The pontiff said as well that he never judges a person without hearing them out.
“I never make a judgment about a person without listening to them,” Pope Francis said. “I believe that I shouldn’t do this.”
The comment came on the plane ride back from Fatima, Portugal, over the weekend when an NBC journalist asked the Holy Father his opinion of Trump’s policies on “the need to act regarding global warming or on welcoming migrants.” It was posed on the premise of Trump being a “head of state who seems to think and act unlike” the pope.
“Things will come up as we talk,” Pope Francis continued. “I will say what I think; he will say what he thinks. But I never, I have never wanted to make a judgment without listening to a person.”
Pope Francis coined the now infamous “Who am I to judge?” phrase, also on the papal plane, early in his pontificate in regard to a priest serving in the curia accused of homosexual conduct. The expression has been exploited ever since to advance LGBT “rights” and to censure the Church’s teaching on homosexuality or those who uphold it.

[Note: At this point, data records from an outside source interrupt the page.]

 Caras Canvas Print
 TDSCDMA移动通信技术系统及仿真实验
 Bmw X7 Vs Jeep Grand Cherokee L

The pope and Trump have had somewhat of a verbal sparring in the media over the two issues on which they clearly don’t agree.
Trump’s success in the election has been attributed in part to his promise to protect Americans’ security, and in particular build a wall on the U.S. border with Mexico to help curb the tide of illegal immigration and shore up that option for entry by terrorists.

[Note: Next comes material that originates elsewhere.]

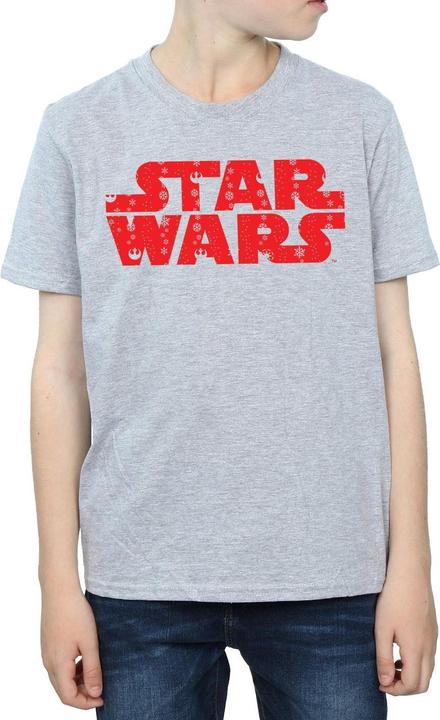 Immagine prodotto Star Wars Christmas Logo Maglietta Ragazzi (152, 158)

Pope Francis inferred during the U.S. presidential campaign that then-candidate Trump was not Christian because of his proposal to protect America by building a wall on its southern border.
“A person who only thinks about building walls, wherever they may be, and not building bridges, is not Christian,” the pope said at the time.

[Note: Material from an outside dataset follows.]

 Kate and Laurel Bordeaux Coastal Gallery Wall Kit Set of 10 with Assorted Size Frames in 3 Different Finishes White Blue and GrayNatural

Trump had responded in a statement via his campaign website, “No leader, especially a religious leader, should have the right to question another man's religion or faith.”
Then, in a speech given at the Vatican three days before the U.S. election, Pope Francis said Christians should not give in to the politics of “fear” by building “physical and social walls.”
On the day of Trump’s inauguration, the pope also warned against the rise of such populist leaders as Adolf Hitler, stating that “Hitler didn't steal power, his people voted for him, and then he destroyed his people.”
The Vatican's deputy secretary of state, Archbishop Angelo Becciu, had said in February there was “worry” over Trump’s immigration actions, after Trump signed the first of two executive orders temporarily banning travel from a handful of Muslim-majority countries. Several U.S. bishops were sharply critical of travel ban.
Trump is skeptical of so-called man-made “climate change,” and signed an executive order negating much of the Obama administration’s environmental legislation.
Conversely, Pope Francis has promulgated an entire encyclical on “climate change,” accepting it as real and chiefly “a result of human activity.”
Trump and Pope Francis are set to meet in the morning on May 24 in the Apostolic Palace, just before the pope’s Wednesday audience.
Aleteia provided a translation of the official transcript of the interview on the plane this past Saturday, specifically the questions surrounding the upcoming meeting between the Holy Father and Trump.
The pope said in regard to Trump that common ground could always be found.
“There are always doors that are not closed,” he said. “One needs to look for the doors that are at least a little open, enter in and speak about common matters, and go forward.”
He referred to the process as walking together to develop respect.
“Step by step,” the pope stated. “Peace is a craft: it is made day by day.”
“Friendship among people, getting to know one another, and esteem are also a craft,” he continued. “They are made every day. Respect for the other, saying what one thinks but with respect, walking together … Someone thinks about it in a certain way … say that, be very sincere in what each person thinks.”
Thomas Williams pointed out in a Breitbart piece how Trump and the pope are actually coming into the meeting with common ground on numerous other issues besides the two Pope Francis was asked about on the plane.
They both oppose abortion and euthanasia, Williams said, and defend religious liberty and conscientious objection. Both also stress job creation, support the traditional family, and both have spoken strongly in defense of persecuted Christians in the Middle East and elsewhere.
When the pope was asked on the plane whether he thought Trump would “soften his decisions” on “climate change” and immigration after their meeting, the pope said again he would not proselytize.
“This is a political calculation that I do not allow myself to make,” Pope Francis said. “Even on the religious level, I am not one to proselytize. Thank you.”